Doch diese Verengung auf den jüdisch-urbanen Intellektuellen, an dessen Person sich die kulturellen Spannungen Amerikas und darüber hinaus das Drama der condition humaine ablesen lässt, verschaffte der US-Literatur eine herausragende Position im modernen literarischen Weltgeschehen. Ideenroman nennt man solche Werke gern, und in dieser Zuordnung schwingt bereits ein wenig Skepsis mit: Dass sich Erzählwerke anhand von Reflexionen organisieren lassen, muss eine auf Plot und filmische Dramaturgie gepolte Leserschaft verunsichern.
Bellow widerlegte solche Zweifel mit einer glänzenden Mischung aus Humor, Melancholie und Scharfzüngigkeit. Wenn in "Herzog" (1964) einem Geschichtsprofessor die Frau davonläuft und in der Folge Geistesgrößen von Nietzsche bis Heidegger mit in Briefform gefassten Kulturanalysen bombardiert werden, dann ist bereits die Blaupause für jene liebenswerten Loser angelegt, die seit Woody Allen die Leinwand bevölkern. Mit "Humboldts Vermächtnis" (1975) machte er den Intellektuellen endgültig zum Sprachrohr des von sich selbst geplagten Kulturmenschen, der dem Chaos der empirischen Welt trotzig sein Cogito entgegensetzt.
Der Roman erhielt die höchsten Weihen - Nobel- und Pulitzerpreis im selben Jahr -, und Bellow beschritt den Weg vom großen Schriftsteller zum Großschriftsteller, der als Stimme seines Landes hymnisch gefeiert und für literarische Fehlschläge wütend verrissen wurde.
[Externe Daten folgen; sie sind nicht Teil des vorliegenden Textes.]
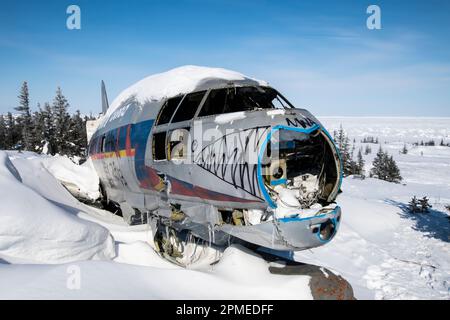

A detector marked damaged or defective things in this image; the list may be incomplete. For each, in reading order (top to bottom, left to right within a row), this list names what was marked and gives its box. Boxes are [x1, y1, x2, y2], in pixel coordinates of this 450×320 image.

crashed airplane fuselage [87, 66, 342, 258]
Die achtziger Jahre gehörten tatsächlich nicht zur Glanzzeit seines Schaffens; Der Roman "Der Dezember des Dekans" von 1981 wurde als "dürres und dürftiges Alterswerk" (Marcel Reich-Ranicki) gescholten; seine Erzählung "Ein Diebstahl" als "flaches, flüssiges Novellchen" abgetan. Tatsächlich trieb Bellows Kulturkonservatismus bisweilen erstaunliche Blüten: Der späte Roman "Mehr noch sterben an gebrochenem Herzen" verramschte in uninspirierter Weise alle klassischen Bellow-Motive: Bildungsbeflissenheit, Lebensferne, Männereinsamkeit und Wut auf den so genannten Zeitgeist.
Sein uvre wird jedoch auch solche Ausrutscher überdauern. Bellow hat der Weltliteratur mit der Figur des tragikomischen Querkopfs, der an der Moderne ebenso sehr leidet wie er sie für sein Selbstverständnis als Denker braucht, ein zeitloses Geschenk gemacht. Und wenn es wahr ist, dass, wie er einmal sagte, "die klassischen Autoren den Nationalcharkter bestimmen", Paris also von Balzac-Figuren und Berlin von Döblin-Charakteren bewohnt wird, dann sieht Amerika immer auch ein bisschen wie ein Held von Bellow aus. Ein streitbares Vorbild, gewiss, aber nicht das Schlechteste.